# Stemming

- Stemming is the process of reducing a word to its word stem or root form that affixes to suffixes and prefixes or to the roots of words known as a lemma. 
- This is particularly useful in text processing tasks like search engines, where you want different forms of the same word (e.g., "running," "runner," and "ran") to be treated as equivalent, thus improving search results or data analysis.
- Stemming is important in natural language understanding (NLU) and natural language processing (NLP).

## How Stemming Works:
- It removes affixes (such as "ing," "ly," "es," "s," etc.) from words to reduce them to their base form.
- Example: The words "running," "runs," and "ran" might all be reduced to "run."

However, stemming doesn't always produce real words, and the root form may not be a proper dictionary word. The main goal is consistency across word variations, not necessarily grammatical accuracy.

## PorterStemmer

In [1]:
from nltk.stem import PorterStemmer
# Create a PorterStemmer object
stemmer = PorterStemmer()

In [7]:
# Sample words
words=["eating","eats","eaten","writing","writes","history","finally","finalized", "running", "runs", "ran", "easily", "fairly", "studies", "studying", "programming","programs"]
words

['eating',
 'eats',
 'eaten',
 'writing',
 'writes',
 'history',
 'finally',
 'finalized',
 'running',
 'runs',
 'ran',
 'easily',
 'fairly',
 'studies',
 'studying',
 'programming',
 'programs']

In [8]:
# Apply stemming to each word
stemmed_words = [f'{word} :: {stemmer.stem(word)}' for word in words]
stemmed_words

['eating :: eat',
 'eats :: eat',
 'eaten :: eaten',
 'writing :: write',
 'writes :: write',
 'history :: histori',
 'finally :: final',
 'finalized :: final',
 'running :: run',
 'runs :: run',
 'ran :: ran',
 'easily :: easili',
 'fairly :: fairli',
 'studies :: studi',
 'studying :: studi',
 'programming :: program',
 'programs :: program']

- "running," "runs" → "run": The stemmer reduces both words to the base form "run."
- "easily" → "easili": The stem is not always a real word but is a consistent root form.
- "studies" and "studying" → "studi": Both words are reduced to the same base form.

In [9]:
stemmer.stem('sitting')

'sit'

In [10]:
stemmer.stem('congratulations')

'congratul'

## RegexpStemmer 
The RegexpStemmer in NLTK is a customizable stemming algorithm that allows you to define a regular expression (regex) pattern to remove or replace specific word endings or prefixes.
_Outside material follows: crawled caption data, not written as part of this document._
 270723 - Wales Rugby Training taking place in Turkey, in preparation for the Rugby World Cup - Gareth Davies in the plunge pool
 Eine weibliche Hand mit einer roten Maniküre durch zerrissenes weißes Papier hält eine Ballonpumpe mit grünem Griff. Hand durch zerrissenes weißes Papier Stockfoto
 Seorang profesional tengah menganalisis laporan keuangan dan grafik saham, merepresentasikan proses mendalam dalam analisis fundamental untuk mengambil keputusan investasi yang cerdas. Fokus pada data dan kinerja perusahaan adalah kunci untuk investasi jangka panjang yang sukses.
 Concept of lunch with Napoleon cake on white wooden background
Unlike standard stemming algorithms like Porter, which follow predefined rules, RegexpStemmer gives you control over which patterns are removed.

In [15]:
from nltk.stem import RegexpStemmer
# Define a regular expression to remove "ing" at the end of words
regexp_stemmer = RegexpStemmer('ing$|s$|e$|able$|ed|ly$', min=4)

In [16]:
regexp_stemmer.stem('eating')

'eat'

In [17]:
regexp_stemmer.stem('ingeating')

'ingeat'

In [18]:
regexp_stemmer.stem('walked')

'walk'

In [19]:
regexp_stemmer.stem('happily')

'happi'

## Snowball Stemmer (improved version of Porter Stemmer)
It is a stemming algorithm which is also known as the Porter2 stemming algorithm as it is a better version of the Porter Stemmer since some issues of it were fixed in this stemmer.

In [20]:
from nltk.stem import SnowballStemmer
snowball = SnowballStemmer("english")

In [22]:
[f'{word} :: {snowball.stem(word)}' for word in words]

['eating :: eat',
 'eats :: eat',
 'eaten :: eaten',
 'writing :: write',
 'writes :: write',
 'history :: histori',
 'finally :: final',
 'finalized :: final',
 'running :: run',
 'runs :: run',
 'ran :: ran',
 'easily :: easili',
 'fairly :: fair',
 'studies :: studi',
 'studying :: studi',
 'programming :: program',
 'programs :: program']

In [23]:
stemmer.stem("fairly"),stemmer.stem("sportingly")

('fairli', 'sportingli')

In [24]:
snowball.stem("fairly"),snowball.stem("sportingly")

('fair', 'sport')

### Key Points:
- Porter Stemmer: Produces shorter stems and is slightly less aggressive than Lancaster.
- RegexpStemmer : It is useful when you need a specific rule for stemming, especially for domain-specific text processing tasks.
- Snowball Stemmer: A more sophisticated, flexible algorithm with support for multiple languages.

### When to Use Stemming:
- Stemming is useful in *search engines, text mining,* and *information retrieval* where different word forms need to be treated as equivalent.
- It’s not always appropriate for tasks where *grammatical accuracy* is important (e.g., generating human-readable content).

### Stemming vs Lemmatization:
- **Stemming:** Reduces words to their base form (even if the result is not a valid word).
- **Lemmatization:** Converts words to their dictionary form, ensuring grammatical accuracy (e.g., "studies" becomes "study," but "ran" becomes "run").